Report how many lines in the data below hold "from", with no other words.
◇ ◇ ◇ ◇ ◇ ◇ ◇
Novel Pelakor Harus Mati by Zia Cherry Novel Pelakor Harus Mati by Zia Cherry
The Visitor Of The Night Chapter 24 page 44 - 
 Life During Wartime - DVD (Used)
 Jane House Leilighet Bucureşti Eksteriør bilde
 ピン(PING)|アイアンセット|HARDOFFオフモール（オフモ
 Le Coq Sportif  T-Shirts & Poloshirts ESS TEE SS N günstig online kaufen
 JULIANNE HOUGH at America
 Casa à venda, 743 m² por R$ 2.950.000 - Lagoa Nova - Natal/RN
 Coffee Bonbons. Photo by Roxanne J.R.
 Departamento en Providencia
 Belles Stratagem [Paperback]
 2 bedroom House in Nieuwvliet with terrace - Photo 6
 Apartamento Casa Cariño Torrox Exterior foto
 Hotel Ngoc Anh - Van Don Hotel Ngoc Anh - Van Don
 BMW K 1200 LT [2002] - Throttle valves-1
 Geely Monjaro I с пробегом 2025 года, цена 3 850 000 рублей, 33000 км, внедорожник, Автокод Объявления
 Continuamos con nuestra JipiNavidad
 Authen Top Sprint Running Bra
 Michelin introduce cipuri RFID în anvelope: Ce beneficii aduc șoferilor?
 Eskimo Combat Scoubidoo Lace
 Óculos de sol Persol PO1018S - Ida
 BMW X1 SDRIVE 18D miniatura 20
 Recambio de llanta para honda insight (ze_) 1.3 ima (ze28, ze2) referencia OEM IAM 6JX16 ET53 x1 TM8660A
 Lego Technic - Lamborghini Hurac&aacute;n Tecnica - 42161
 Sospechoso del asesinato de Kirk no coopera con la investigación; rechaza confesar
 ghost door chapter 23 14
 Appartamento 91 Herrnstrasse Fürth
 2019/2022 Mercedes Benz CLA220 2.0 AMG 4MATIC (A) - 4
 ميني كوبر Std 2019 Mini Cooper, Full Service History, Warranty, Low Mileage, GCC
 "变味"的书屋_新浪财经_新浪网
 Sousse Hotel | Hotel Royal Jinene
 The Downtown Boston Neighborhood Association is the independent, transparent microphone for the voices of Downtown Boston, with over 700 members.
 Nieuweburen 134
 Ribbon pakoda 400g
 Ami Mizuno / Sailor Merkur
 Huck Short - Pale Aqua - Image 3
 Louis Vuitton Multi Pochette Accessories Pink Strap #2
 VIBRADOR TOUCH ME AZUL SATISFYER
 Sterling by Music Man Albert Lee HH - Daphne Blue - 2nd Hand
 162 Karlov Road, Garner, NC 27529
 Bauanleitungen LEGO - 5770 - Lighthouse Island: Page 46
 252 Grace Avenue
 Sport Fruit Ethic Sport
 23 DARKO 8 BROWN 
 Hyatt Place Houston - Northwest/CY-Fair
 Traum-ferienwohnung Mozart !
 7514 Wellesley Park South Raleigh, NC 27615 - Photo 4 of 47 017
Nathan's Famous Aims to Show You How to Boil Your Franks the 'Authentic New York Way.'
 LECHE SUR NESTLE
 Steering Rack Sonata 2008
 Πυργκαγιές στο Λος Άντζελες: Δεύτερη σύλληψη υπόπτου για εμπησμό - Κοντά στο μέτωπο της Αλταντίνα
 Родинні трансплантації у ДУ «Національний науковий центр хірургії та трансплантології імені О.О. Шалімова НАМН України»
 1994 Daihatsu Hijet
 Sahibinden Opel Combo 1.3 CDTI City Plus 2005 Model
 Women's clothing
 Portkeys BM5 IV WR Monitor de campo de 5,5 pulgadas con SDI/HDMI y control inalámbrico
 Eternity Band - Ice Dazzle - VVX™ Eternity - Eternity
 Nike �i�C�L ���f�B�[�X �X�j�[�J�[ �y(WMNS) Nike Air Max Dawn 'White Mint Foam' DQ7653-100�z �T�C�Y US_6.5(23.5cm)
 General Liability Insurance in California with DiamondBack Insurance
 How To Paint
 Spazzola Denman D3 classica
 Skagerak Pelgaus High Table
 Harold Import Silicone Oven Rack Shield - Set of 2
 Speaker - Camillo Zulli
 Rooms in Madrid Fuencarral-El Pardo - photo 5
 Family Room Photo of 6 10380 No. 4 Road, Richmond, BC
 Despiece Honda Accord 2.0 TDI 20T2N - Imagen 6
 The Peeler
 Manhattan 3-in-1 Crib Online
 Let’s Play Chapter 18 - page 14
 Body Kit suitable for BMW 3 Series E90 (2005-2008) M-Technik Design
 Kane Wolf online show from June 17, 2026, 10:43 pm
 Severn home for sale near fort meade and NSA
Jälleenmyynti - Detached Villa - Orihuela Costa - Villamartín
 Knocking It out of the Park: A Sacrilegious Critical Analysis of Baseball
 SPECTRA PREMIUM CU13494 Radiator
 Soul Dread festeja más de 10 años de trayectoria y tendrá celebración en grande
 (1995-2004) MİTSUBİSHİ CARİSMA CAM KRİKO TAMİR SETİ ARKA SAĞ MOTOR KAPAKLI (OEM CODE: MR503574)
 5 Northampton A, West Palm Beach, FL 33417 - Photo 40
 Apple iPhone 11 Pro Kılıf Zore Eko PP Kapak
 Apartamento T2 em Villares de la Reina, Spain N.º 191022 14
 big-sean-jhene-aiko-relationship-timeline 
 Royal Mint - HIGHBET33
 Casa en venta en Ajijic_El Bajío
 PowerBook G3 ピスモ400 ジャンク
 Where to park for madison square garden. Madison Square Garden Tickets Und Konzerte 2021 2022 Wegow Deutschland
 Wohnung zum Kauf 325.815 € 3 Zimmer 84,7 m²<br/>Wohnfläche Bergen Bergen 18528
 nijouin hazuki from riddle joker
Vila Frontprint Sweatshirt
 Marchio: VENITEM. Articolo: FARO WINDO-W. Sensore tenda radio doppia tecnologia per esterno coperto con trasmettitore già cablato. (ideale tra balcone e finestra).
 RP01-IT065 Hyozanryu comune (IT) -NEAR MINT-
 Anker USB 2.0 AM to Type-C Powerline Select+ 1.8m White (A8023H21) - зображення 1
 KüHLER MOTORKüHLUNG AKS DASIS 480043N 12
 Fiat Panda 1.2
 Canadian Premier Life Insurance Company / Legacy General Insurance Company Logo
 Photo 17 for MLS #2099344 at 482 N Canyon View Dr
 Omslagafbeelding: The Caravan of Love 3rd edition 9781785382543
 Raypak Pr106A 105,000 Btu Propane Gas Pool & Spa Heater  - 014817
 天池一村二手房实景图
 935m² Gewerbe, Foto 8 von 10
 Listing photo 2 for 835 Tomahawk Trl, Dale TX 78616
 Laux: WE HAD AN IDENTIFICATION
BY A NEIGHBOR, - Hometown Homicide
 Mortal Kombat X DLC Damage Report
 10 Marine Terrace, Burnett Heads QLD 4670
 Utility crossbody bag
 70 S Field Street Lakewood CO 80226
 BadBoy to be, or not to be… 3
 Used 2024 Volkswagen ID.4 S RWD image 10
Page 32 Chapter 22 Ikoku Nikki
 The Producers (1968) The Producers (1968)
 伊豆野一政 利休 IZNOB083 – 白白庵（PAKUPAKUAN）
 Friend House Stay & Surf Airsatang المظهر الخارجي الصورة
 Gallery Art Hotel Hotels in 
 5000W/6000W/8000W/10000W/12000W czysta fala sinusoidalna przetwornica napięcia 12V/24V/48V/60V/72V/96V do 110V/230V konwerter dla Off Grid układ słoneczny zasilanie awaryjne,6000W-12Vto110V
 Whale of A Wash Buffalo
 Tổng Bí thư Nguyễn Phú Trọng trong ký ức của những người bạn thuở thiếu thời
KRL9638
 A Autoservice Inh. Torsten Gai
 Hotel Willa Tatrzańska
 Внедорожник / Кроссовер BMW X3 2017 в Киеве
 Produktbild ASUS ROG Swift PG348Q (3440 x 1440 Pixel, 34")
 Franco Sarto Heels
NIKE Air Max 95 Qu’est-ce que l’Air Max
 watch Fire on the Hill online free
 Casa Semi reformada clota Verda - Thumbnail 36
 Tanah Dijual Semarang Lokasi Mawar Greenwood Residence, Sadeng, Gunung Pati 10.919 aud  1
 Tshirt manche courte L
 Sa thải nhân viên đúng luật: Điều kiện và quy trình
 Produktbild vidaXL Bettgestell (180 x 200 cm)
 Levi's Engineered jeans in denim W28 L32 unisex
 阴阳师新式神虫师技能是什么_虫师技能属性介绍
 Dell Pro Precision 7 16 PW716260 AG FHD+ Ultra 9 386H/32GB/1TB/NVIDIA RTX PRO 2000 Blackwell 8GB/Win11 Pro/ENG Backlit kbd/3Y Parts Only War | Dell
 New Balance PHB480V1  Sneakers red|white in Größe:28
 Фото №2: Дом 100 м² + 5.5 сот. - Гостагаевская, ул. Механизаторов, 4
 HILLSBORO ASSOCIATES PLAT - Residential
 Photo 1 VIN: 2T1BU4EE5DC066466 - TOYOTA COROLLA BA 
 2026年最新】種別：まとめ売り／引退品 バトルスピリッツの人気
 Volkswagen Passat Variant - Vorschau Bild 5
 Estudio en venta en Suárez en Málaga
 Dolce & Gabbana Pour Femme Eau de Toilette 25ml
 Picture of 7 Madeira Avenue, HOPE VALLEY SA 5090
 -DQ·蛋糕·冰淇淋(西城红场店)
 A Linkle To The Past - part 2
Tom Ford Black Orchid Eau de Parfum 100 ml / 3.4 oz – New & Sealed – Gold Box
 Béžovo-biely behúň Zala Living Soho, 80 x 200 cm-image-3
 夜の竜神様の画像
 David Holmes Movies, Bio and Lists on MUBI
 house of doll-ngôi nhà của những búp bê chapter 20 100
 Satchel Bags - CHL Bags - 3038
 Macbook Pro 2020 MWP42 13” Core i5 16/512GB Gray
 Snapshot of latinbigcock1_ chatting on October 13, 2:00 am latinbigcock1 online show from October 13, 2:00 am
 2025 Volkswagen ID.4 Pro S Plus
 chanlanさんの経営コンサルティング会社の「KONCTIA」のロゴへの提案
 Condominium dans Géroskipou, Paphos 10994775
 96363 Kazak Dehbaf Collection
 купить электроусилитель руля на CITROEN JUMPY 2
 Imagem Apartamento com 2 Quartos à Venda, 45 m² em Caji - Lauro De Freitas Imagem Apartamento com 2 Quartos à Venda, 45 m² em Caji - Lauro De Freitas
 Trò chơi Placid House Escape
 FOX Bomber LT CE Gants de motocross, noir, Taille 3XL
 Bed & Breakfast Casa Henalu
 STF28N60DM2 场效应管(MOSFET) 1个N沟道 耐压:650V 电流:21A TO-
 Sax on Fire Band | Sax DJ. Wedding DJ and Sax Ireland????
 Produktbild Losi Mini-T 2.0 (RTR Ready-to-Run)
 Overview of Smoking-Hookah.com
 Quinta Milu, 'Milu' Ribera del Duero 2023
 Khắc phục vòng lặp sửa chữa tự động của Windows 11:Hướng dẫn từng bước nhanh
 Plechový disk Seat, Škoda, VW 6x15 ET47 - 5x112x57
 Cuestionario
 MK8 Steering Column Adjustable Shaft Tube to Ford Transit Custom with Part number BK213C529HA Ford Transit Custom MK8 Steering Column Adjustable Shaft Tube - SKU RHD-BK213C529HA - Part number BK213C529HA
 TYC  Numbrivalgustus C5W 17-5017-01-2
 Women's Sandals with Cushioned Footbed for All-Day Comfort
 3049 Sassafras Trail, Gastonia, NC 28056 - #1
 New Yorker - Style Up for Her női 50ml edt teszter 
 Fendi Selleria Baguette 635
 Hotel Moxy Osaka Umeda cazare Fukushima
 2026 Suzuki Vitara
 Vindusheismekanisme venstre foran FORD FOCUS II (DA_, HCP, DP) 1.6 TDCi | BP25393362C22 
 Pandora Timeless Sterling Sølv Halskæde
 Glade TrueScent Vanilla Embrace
◇ ◇ ◇ ◇ ◇ ◇ ◇
## ANSWER SECTION
3